Il poglavnik morì nel 1959, quando ormai la Jugoslavia, avendo rotto con l’URSS, era
ritenuta geostrategicamente “utile” all’Occidente. L’ustascismo si era ormai
ridotto alle azioni terroristiche, che ebbero il picco in quella “Primavera croata” del
1970-71 che fece esplodere ampie rivendicazioni nazionalistiche poi represse dallo stesso Tito.
Il libro finisce qui. Ma sappiamo che, come vampiri, gli ustascia (insieme con i cetnici serbi)

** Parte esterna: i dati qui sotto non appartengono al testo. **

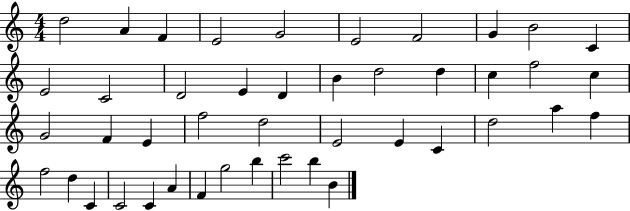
X:1
T:Untitled
M:4/4
L:1/4
K:C
d2 A F E2 G2 E2 F2 G B2 C E2 C2 D2 E D B d2 d c f2 c G2 F E f2 d2 E2 E C d2 a f f2 d C C2 C A F g2 b c'2 b B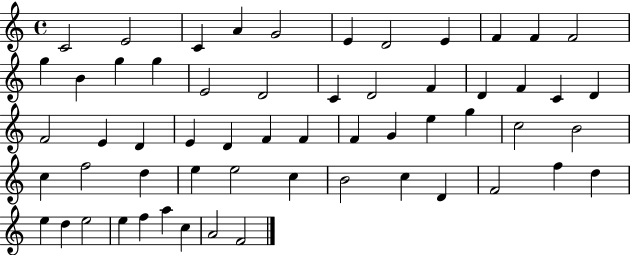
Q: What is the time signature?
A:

riapparvero lugubremente negli anni delle violente convulsioni che smembrarono la Jugoslavia
federale. Lo stesso presidente Franjo Tuđman ed il suo partito HDZ ebbero il sostegno di una
robusta diaspora anticomunista dalla tinta decisamente filoustascia. E bisognerà aspettare nel
2002 il centrosinistra di Ivica Račan (ex Lega dei comunisti) perché si cominci a pensare di
vietare in Croazia il proliferare della simbologia ustascia, cui si erano aggiunte le foto di Ante
Gotovina. Ma, come un fiume carsico, non è detto che l’ustascismo non possa trovare
nuovo consensi dalla destra radical-populista, magari rifiutando quell’Europa che tra due
anni dovrebbe accogliere la Croazia.
Perché quel che è certo – ed il lavoro di Adriano e Cingolani ben lo dimostra – è che
l’ustascismo si innerva incontestabilmente sulla storia croata, o perlomeno di una certa
Croazia, e quindi anche sulle dinamiche sempre piuttosto aggrovigliate dei Balcani.